=== Your goal ===
Your answer should repeat exactly the lines from the one holding "Urbex History - Dąbrowski, Niedziułka, Stank" through the end of the data, and it should contain no pictures.

═══

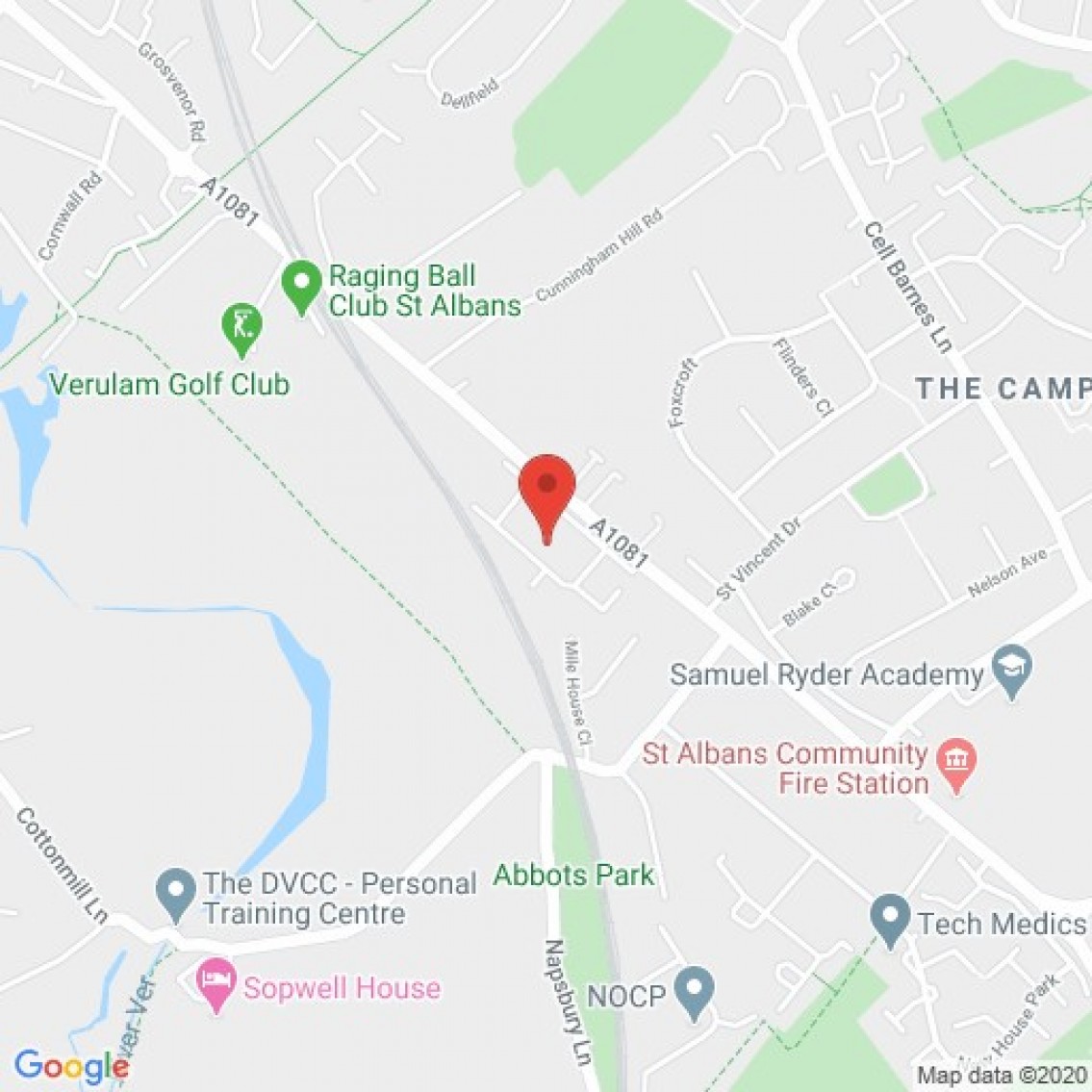 Abbots Park, St Albans, AL1 Abbey Estates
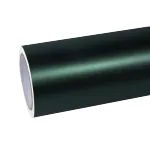 matte emerald green wrap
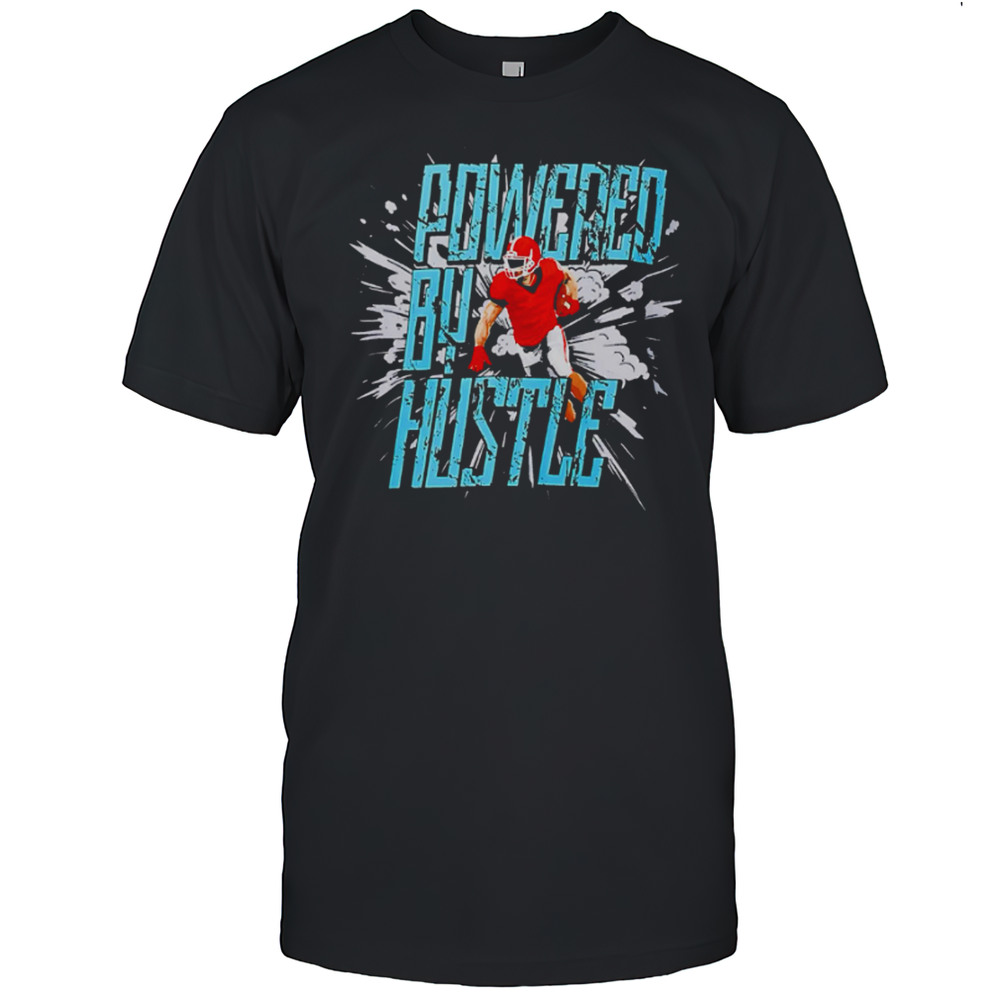 Powered By Hustle BCG Boys Training Shirt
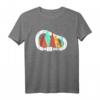 Berge Karabiner Boulder Kletter T-Shirt - Perfektes Geschenk für Kletterer und Boulder-Enthusiasten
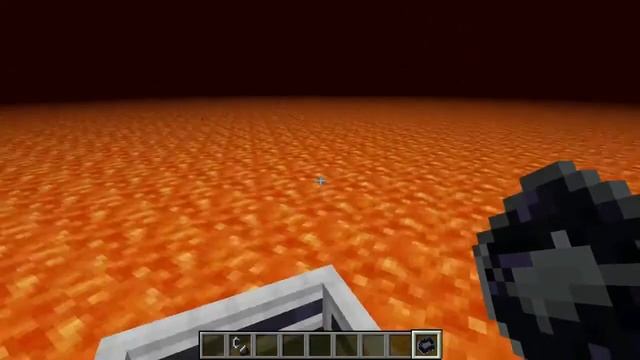 Minecraft моды - лодка для лавы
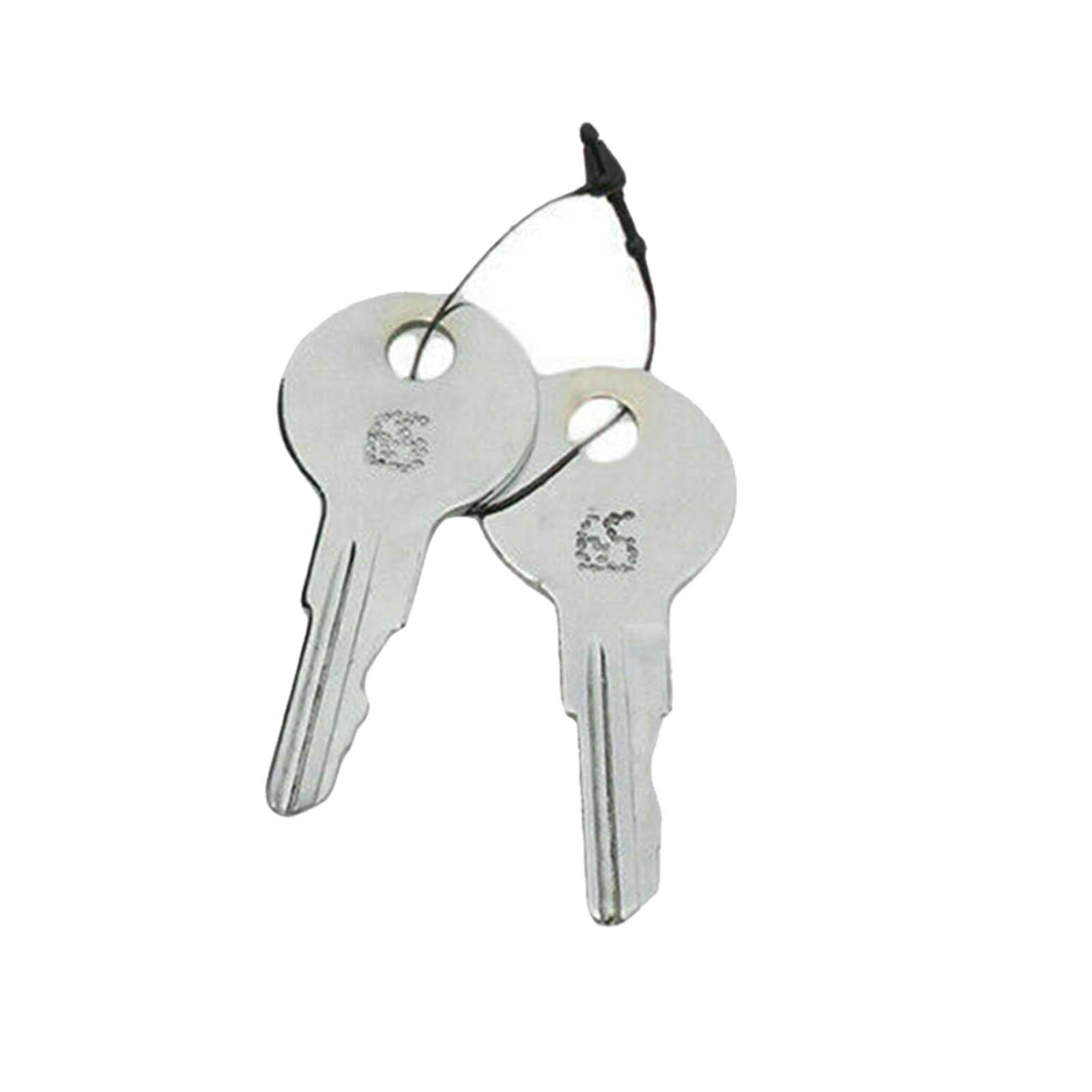 Ignition Key Switch, 3 Position Replacement 6 Wire Key Starter Switch Fit for Mercury Boat Part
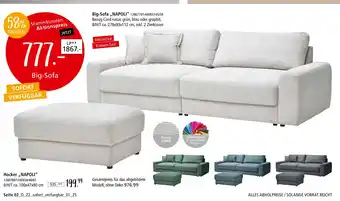 Zurbrüggen Big-sofa „napoli“ Angebot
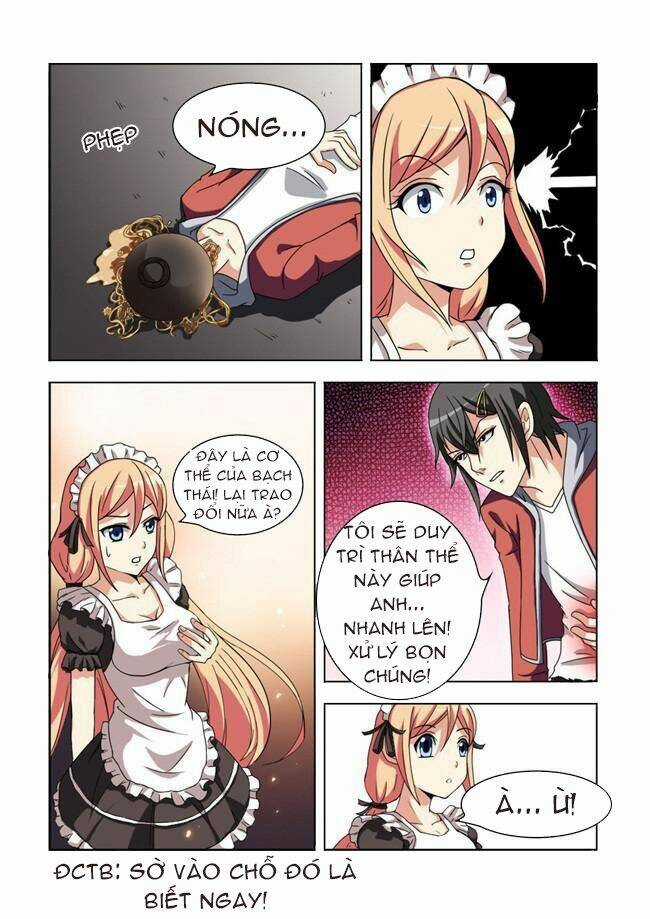 I Am A Killer Maid - Chapter 5 - Trang 18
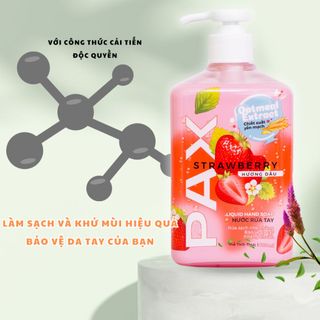 Nước rửa tay PAX 600ml bảo vệ da tay và kháng khuẩn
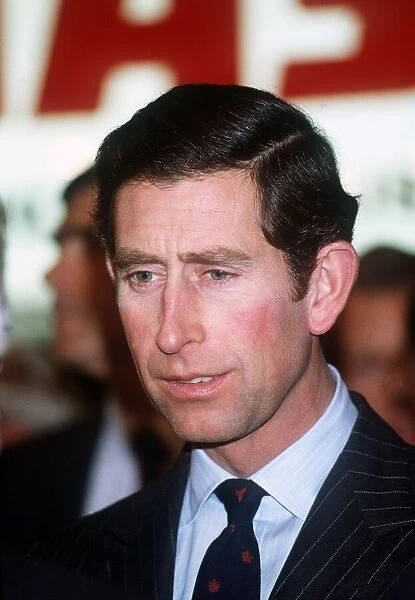 Prince Charles, December 1987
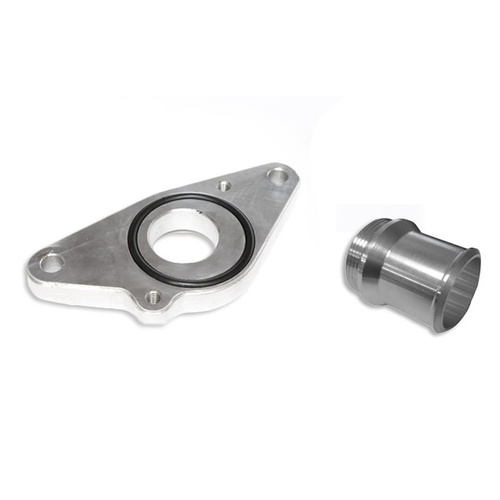 Torque Solution Greddy Blow Off Valve and Recirc Adapter: Subaru WRX 02-07 & 04-14 STI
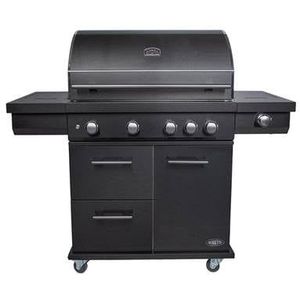 Imperatore Nero gasbarbecue 4 burners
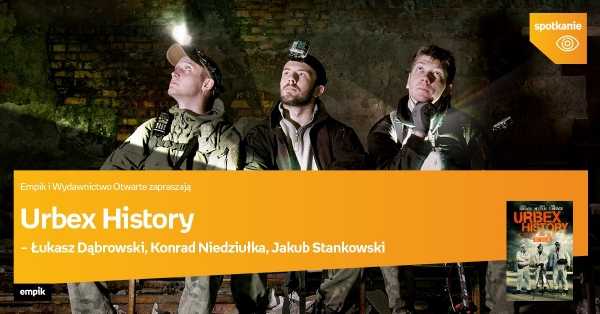 Urbex History - Dąbrowski, Niedziułka, Stank w Empik Arkadia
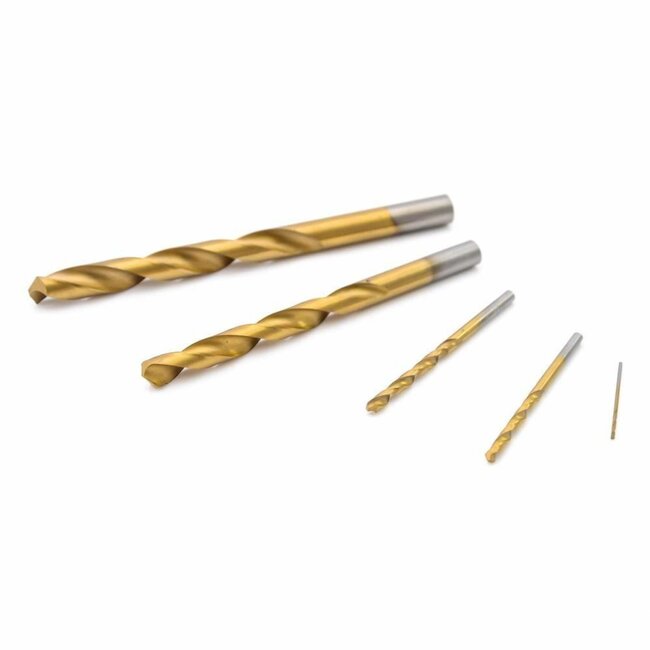 Hofftech 170-delige HSS boorset - Cobalt coating - 1-10 mm - Inclusief koffer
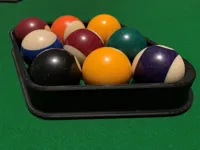 Triangle de rack pour billard 9-ball — photo 2
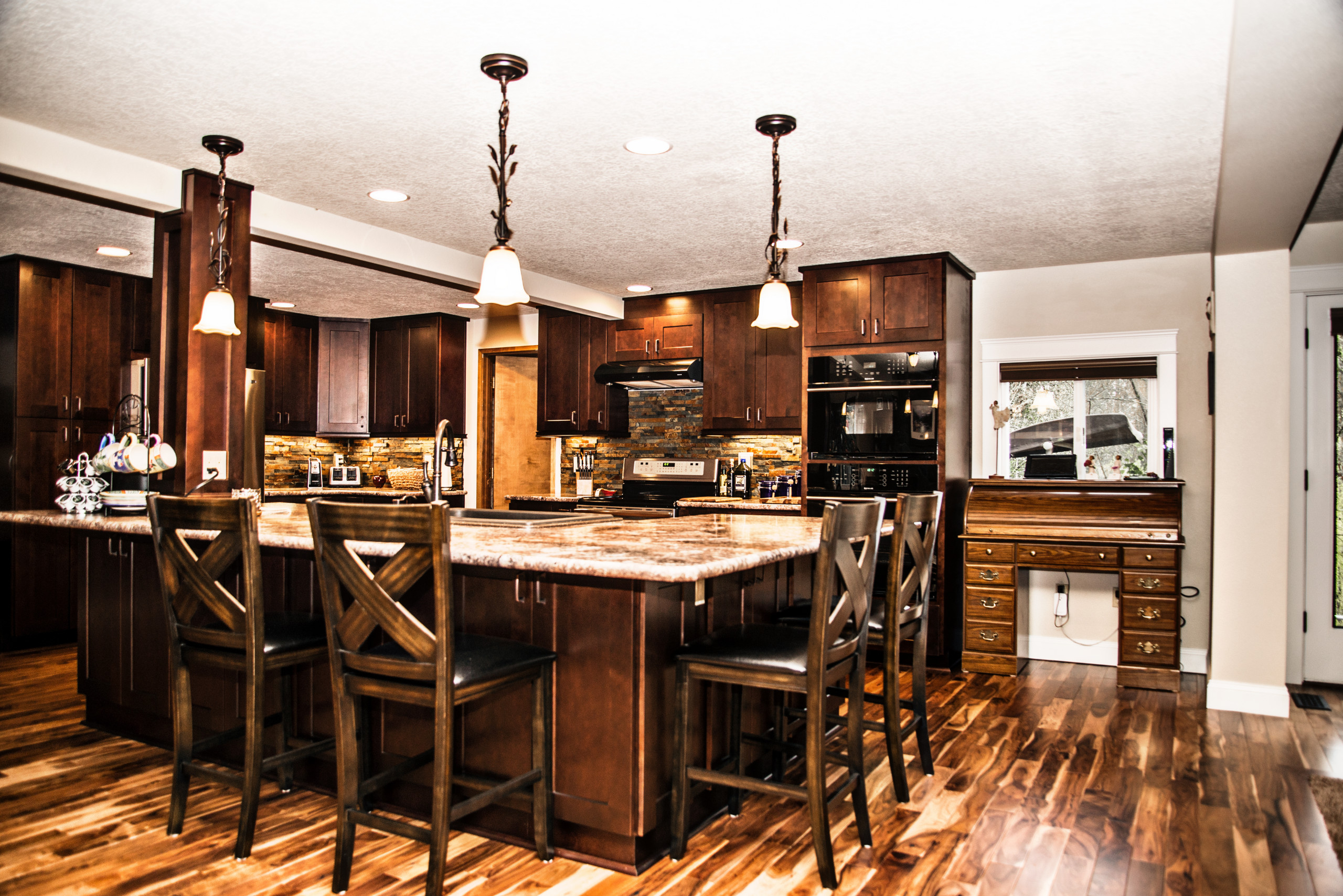 Vancouver Kitchen with Addition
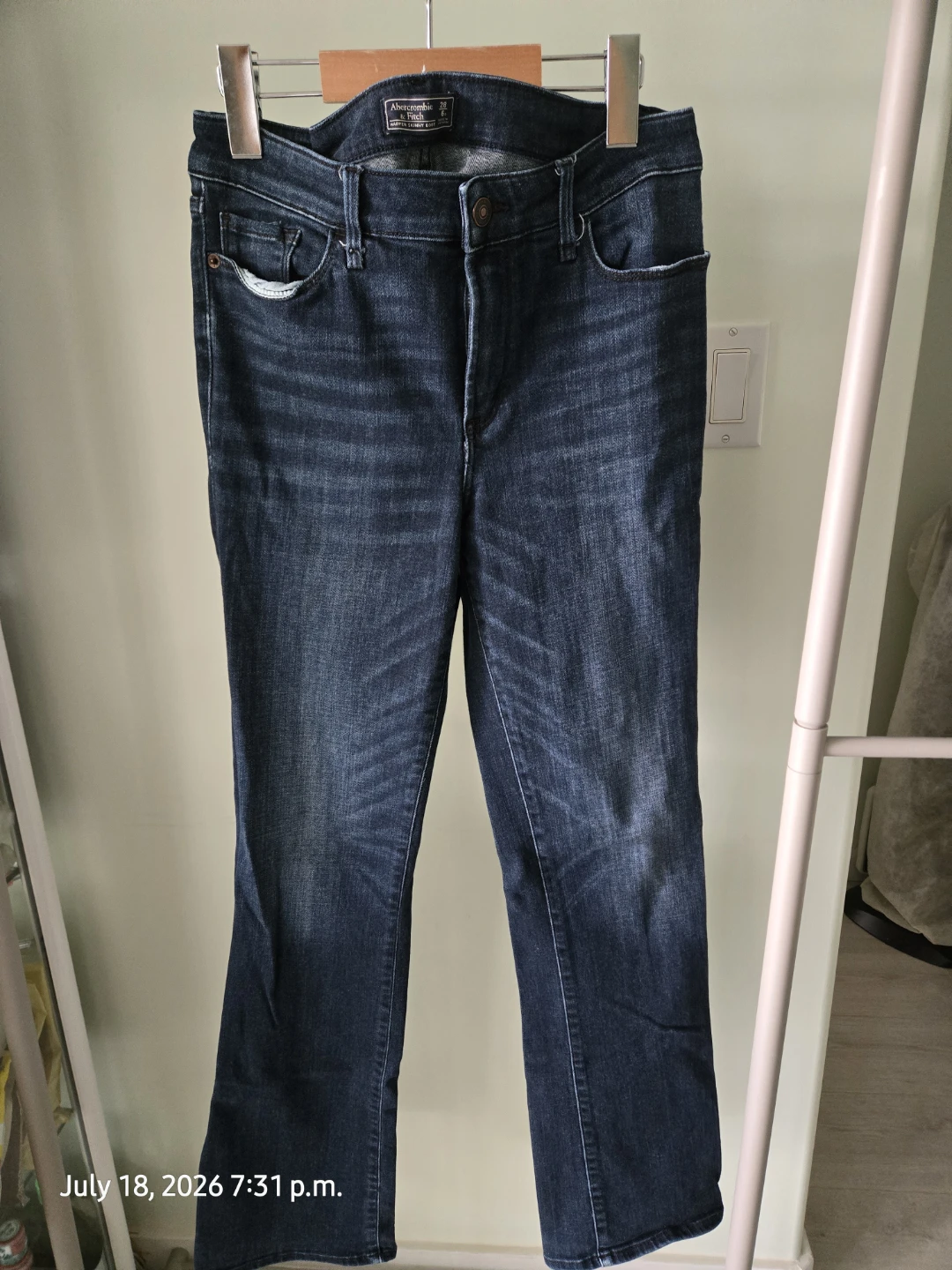 Abercrombie & Fitch Harper Skinny Boot Jeans - photo 2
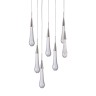 Подвесной светильник Pour 7A satin nickel - Подвесной светильник Pour 7A satin nickel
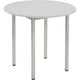 Ronde tafel sodematub ft080rond-9515 rond grijs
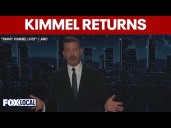 Jimmy Kimmel to return to late-night after ABC suspension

═══

=== Reply ===
 Urbex History - Dąbrowski, Niedziułka, Stank w Empik Arkadia
 Hofftech 170-delige HSS boorset - Cobalt coating - 1-10 mm - Inclusief koffer
 Triangle de rack pour billard 9-ball — photo 2
 Vancouver Kitchen with Addition
 Abercrombie & Fitch Harper Skinny Boot Jeans - photo 2
 Подвесной светильник Pour 7A satin nickel - Подвесной светильник Pour 7A satin nickel
 Ronde tafel sodematub ft080rond-9515 rond grijs
 Jimmy Kimmel to return to late-night after ABC suspension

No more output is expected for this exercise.